Oldest comments listed first.

Posted by: monopole on May 14, 2007 at 10:23 AM

Quite a bit of variance on the green versus red debate:
http://stlplaces.com/night_vision.html
http://www.astromax.org/activities/members/kniffen.htm

The logic of using blue-green is that since your eyes are most sensitive to it you can use considerably less total light reducing the total impact on your night vision.

The reasoning behind red is that the rods are relatively insensitive to the red and thus the light will have less impact.

Having spent too much time in photographic darkrooms with both red and green safelights (in the latter case I was working with red sensitive holographic film) My take is that keeping the apparent intensity at a minimum is more important than red or green.


Posted by: Robert.Bruce.Thompson on May 14, 2007 at 12:38 PM

Unfortunately, your take is mistaken. The rods, which give us our night vision, are pretty much unaffected by light 600nm or longer in wavelength, which is why astronomical LED flashlights use 620nm or longer LEDs. When you view a star chart with a red LED flashlight, you're viewing it with your cones. Your rods don't respond at all to the red light, leaving them available for viewing the faint fuzzies. Even a very bright red LED light shown directly into your eyes for a long time has essentially zero effect on your night vision. If you use light of a shorter wavelength, such as blue-green, your rods pick it up, even at very low illumination levels, and are desensitized.
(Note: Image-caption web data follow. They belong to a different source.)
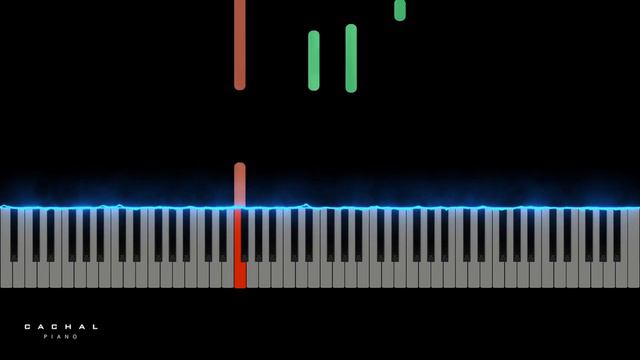 Interstellar Theme By Hans Zimmer Piano Tutorial VERY EASY смотреть онлайн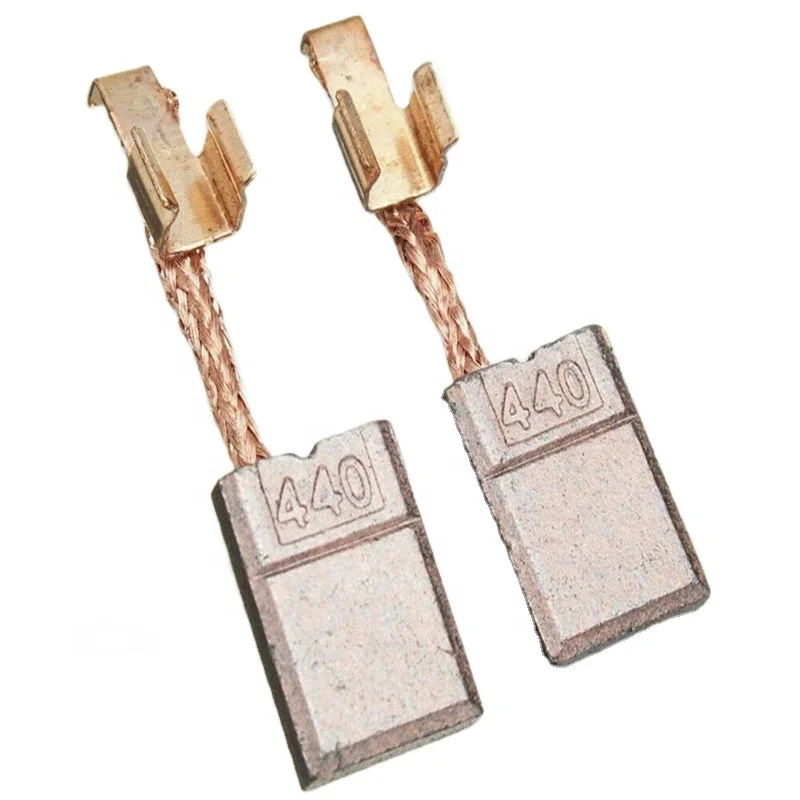 Сменные карбоновые щетки для DTD146 DHP456 DHP458 BHP456 BDF446 BHP454 CB440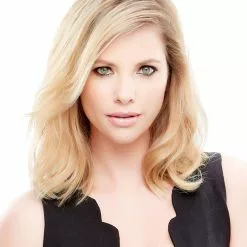 EasiCrown HH 12 Inch (Exclusive) | Remy Human Hair Clip-in Crown Volumizer Toppers By Jon Renau 8~12 Inch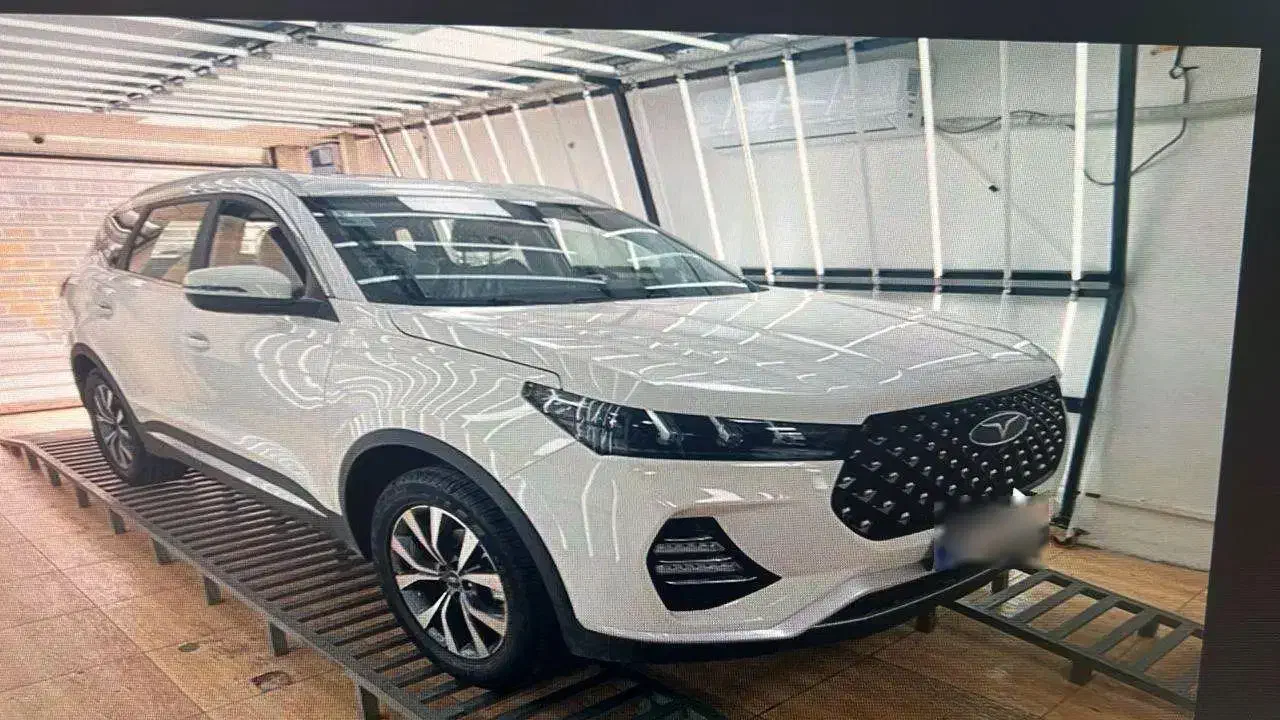 تیگو 7 پرو پرمیوم|خودرو سواری و وانت|تهران, جوادیه تهرانپارس|دیوار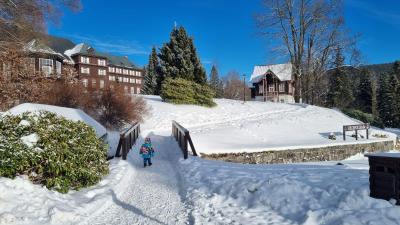 Velka spokojenost, milý personáˇ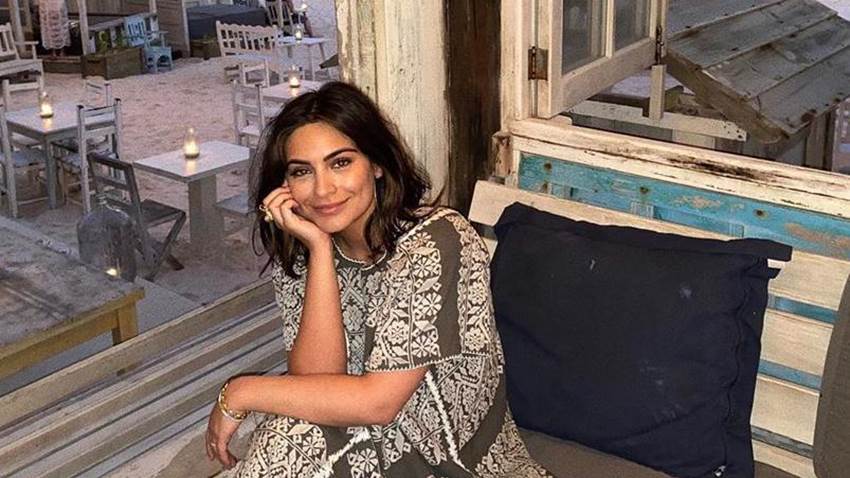 Ana Brenda Contreras abre su corazón para contar los episodios de ansiedad que vivió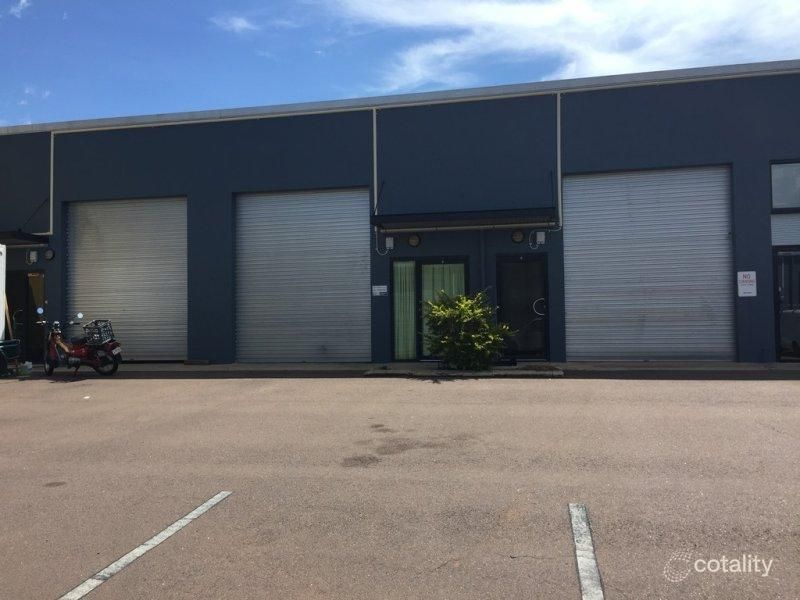9/4 Catterthun St, Winnellie, NT 0820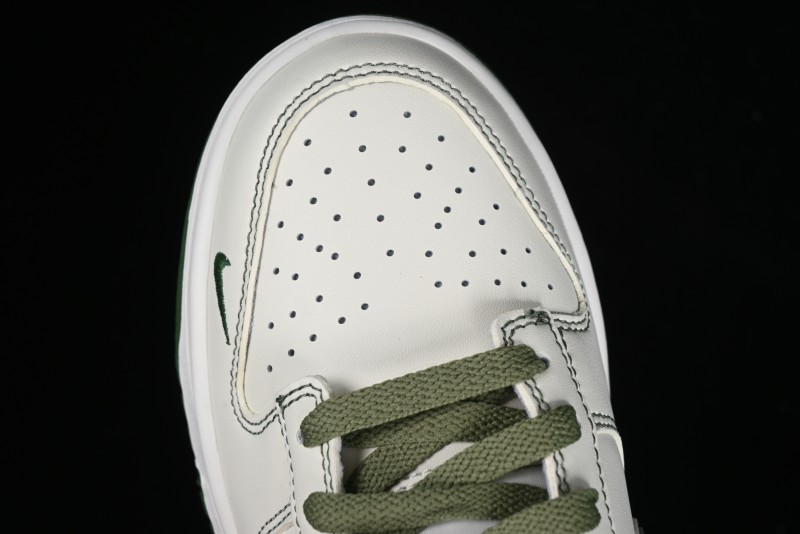 Nike SB Dunk Low OFF-WHITE Collaboration - Anniversary Premium Custom Low-Top Casual Sneakers DJ2024-002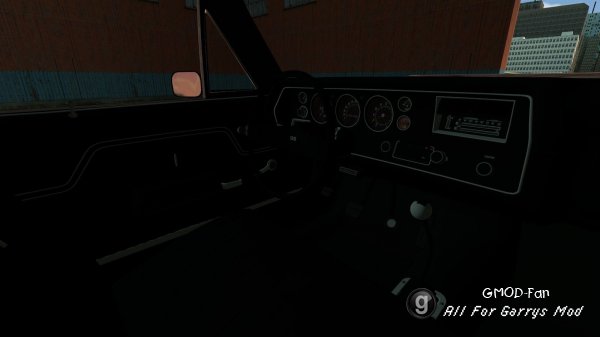 Chevrolet El Camino SS 454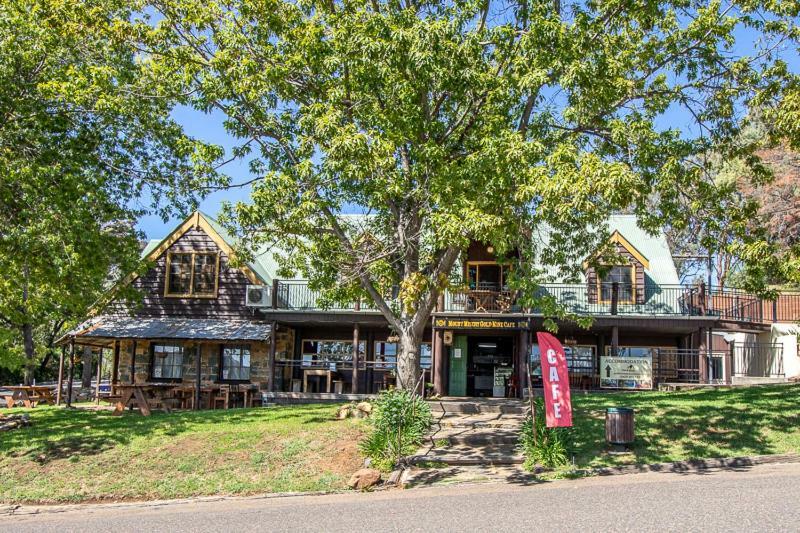 Gold Mine Guest House And Cafe Nundle 외부 사진
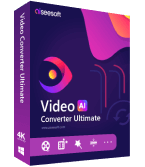 Imagem da caixa do Aiseesoft Video Converter Ultimate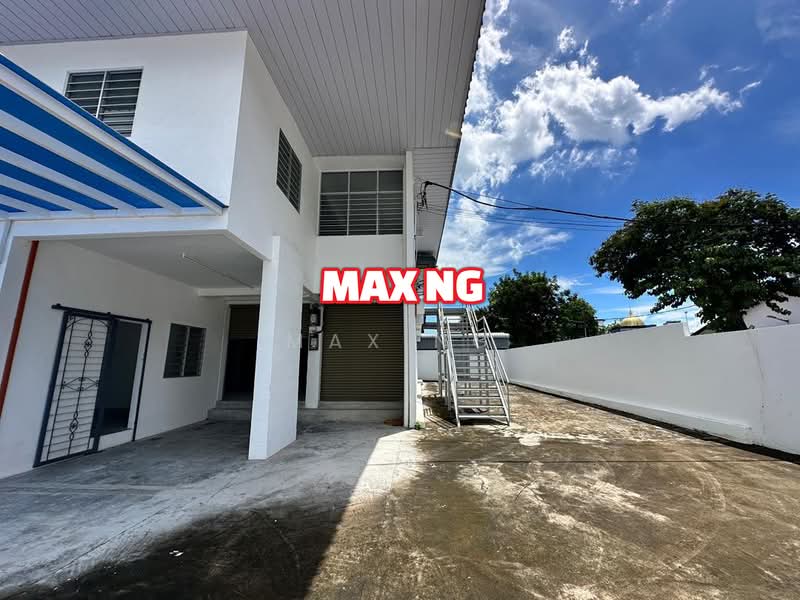 Shop / Office for Rent in George Town (Penang) - Max Ng - Exterior - PropertyGuru.com.my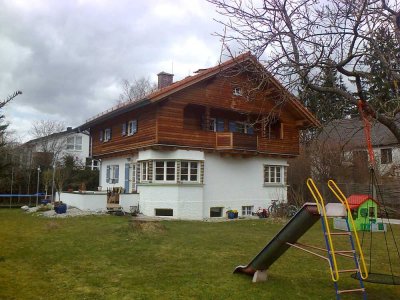 Einfamilienhaus mit 7 Zimmern in Gräfelfing, Baujahr 1938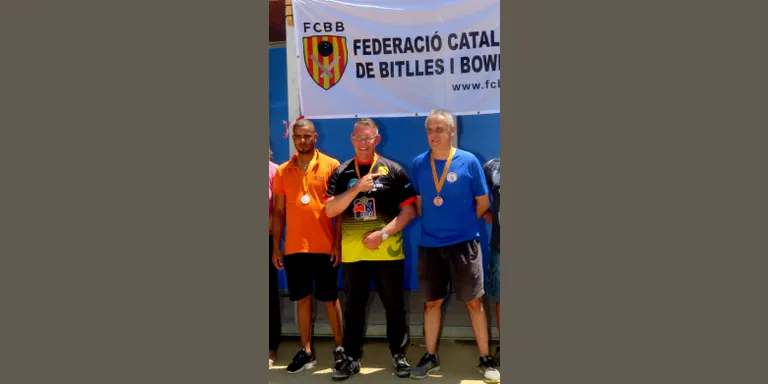 El Club de Bitlles Olius aconsegueix cinc podis al Circuit Individual de Catalunya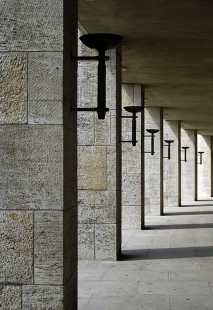 Berlin Olympic Stadium - foto: Ester Havlová, 2008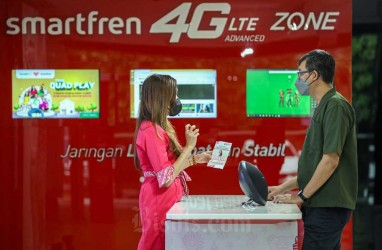 Saham Smartfren (FREN) Terbanyak Setelah BUMI dan GOTO, Mengapa?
The reason that a lot of military gear uses green light has nothing to do with preserving night vision. The WSO or whovever is looking at that green light has his night vision destroyed by it. The reason green light is used in this situation is that the human eye is most sensitive to green light, which allows the total brightness of the illumination to be as low as possible, making it more difficult for enemy observers to detect.

As to photographic darkrooms, I've also spent a long time working in them, for more than 40 years. Red safelights are used only with blue-sensitive and orthochromatic (sensitive to all colors except red) emulsions. For panchromatic emulsions, which are sensitive to any color of visible light, a green safelight again provides the maximum visibility at the minimum overall illumination level.